Gido Boets
‘Genieten van het leven omdat je niet moet wachten tot later’
Ons gesprek begint met koffie en eindigt anderhalf uur later met een héél klein slokje 75-jaar oude whisky. “Deze moet je echt even proeven; die heb ik gekregen toen ik 25 jaar bij Organon was.” Daartussen hebben we het over wonen in Loosbroek, genieten van het leven omdat je niet moet wachten tot later, klussen, vakanties en nog veel meer.
Barbecueën
“Dat barbecueën is wel een familieding,” begint Gido. “Mijn vader was kok; misschien heb ik het van hem mee gekregen. We kwamen thuis al regelmatig bij elkaar om met het hele gezin te barbecueën en dat is nu met de kinderen nog steeds. Vrijwel het hele jaar door. Eerst hadden wij een buitenkeuken met een gasbarbecue en nu hebben wij zo’n Green Egg. Dat is heerlijk koken.
’s Ochtends gooi ik het vlees erop en ’s avonds is het gaar. En ondertussen werk ik een beetje in de tuin of iets anders en af en toe kijk ik of het goed gaat. Het is een ideaal ding. Ik maak er ook andere dingen in klaar, zoals een stoofpotje of vis. Of vlees op een eiken plankje. Dan krijgt het zo’n speciale smaak. En ik probeer dingen uit en meestal gaat het goed. Ik heb nog niet meegemaakt dat ze het lieten staan.”
Ultieme vrijheid
Op vakanties kookt Gido ook altijd, maar dan op zo’n gewone skottelbraai. Dat brengt ons op het ontdekken van het wandelplezier. Toen de kinderen nog klein waren kwam het er nog niet van, maar toen Gido en Helma met de caravan in de Dolomieten stonden, maakten zij voor het eerst kennis met wandelen in de bergen. En dat hebben zij al op verschillende vakanties gedaan. “Wij wilden altijd al een keer een grote reis maken en toen zagen wij op TV een uitzending van Drie Op Reis over het gebied Upper Mustang in Nepal. Daar hebben wij ons in verdiept en in 2021 zijn wij daar een tocht gaan lopen. Dat was geweldig. Je kunt niet in woorden of foto’s vatten hoe het echt is. De mensen daar zijn heel vriendelijk terwijl zij helemaal niets hebben.
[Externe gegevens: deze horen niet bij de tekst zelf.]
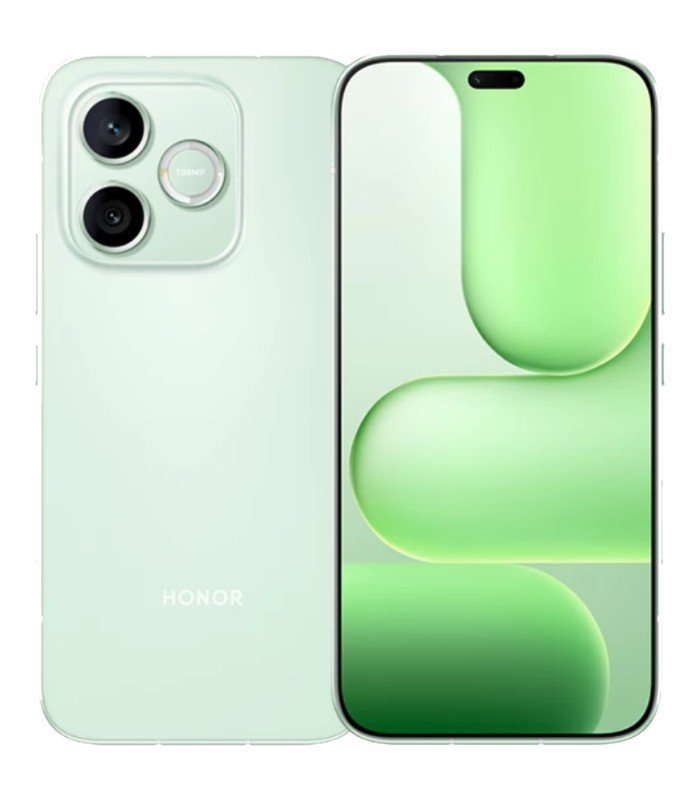 honor-600e.jpg HONOR 600E 256GB 8RAM - Imagen 1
De wandelaars betekenen een klein beetje inkomen voor de gids en de drager. Het is er Boeddhistisch. De natuur is er heel puur en als je daar loopt voel je je heel nietig. En tegelijkertijd is het een soort ultieme vrijheid. We vonden het zo mooi dat wij eind van dit jaar nog een keer gaan. Naar een ander gebied en met iets kortere wandelingen per dag. Het was best zwaar en hoog.”
Leopard II tanks
Gido is geboren en getogen in St. Oedenrode en daar leerde hij in 1982 Helma kennen. Hij zat toen op de MTS in Eindhoven waar hij de opleiding voor technisch tekenaar afmaakte. Gido en Helma trouwden in 1988 en woonden een aantal jaren in Oss. “Voor het werk bij Defensie moest ik soms in Grave zijn, maar ook in Heesch. En Oss lag dus een beetje centraal. Bij Defensie heb ik 11 jaar gewerkt. Die Leopard II tanks daar weet ik eigenlijk alles van.” Maar werken bij Defensie betekende ook uitgezonden worden op oefening en dus soms een aantal weken of maanden van huis weg zijn. “Onze zoon Joris was inmiddels geboren en toen ik weer een keer thuiskwam dacht ik: ‘wat is hij veel veranderd; en dat heb ik allemaal gemist.’ Toen ben ik een andere baan gaan zoeken. Ik solliciteerde bij Organon als leidinggevende op de werktuigbouwkundige afdeling en ’s avonds werd ik gebeld dat ik het werd.”
Verduurzamen
Ook hun tweede zoon, Koen, werd in Oss geboren. Maar het verlangen om in een dorp te wonen werd groter. De ouders van Gido hadden vrienden in Loosbroek die hun huis aan de Pastoor de Grootstraat wilden verkopen. Gido en Helma kenden het huis en ze hadden er meteen een goed gevoel bij. “Het was een klus-huis, maar ik ben wel een beetje handig. We zagen dat er iets van te maken was, ook al moest er veel aan gebeuren. In 2003 zijn we hier komen wonen. We voelden ons er meteen thuis. Loosbroek past bij ons. Een leuke buurt met aardige mensen. Ik hoef niet iedereen te kennen of met iedereen om te gaan, maar er is genoeg te doen en ik kan het opzoeken wanneer ik dat wil. We wonen hier nu bijna 20 jaar. De verbouwingen zijn wel gedaan. Nu nog wat verduurzamen. Wat ons betreft blijven wij hier zolang het gaat.”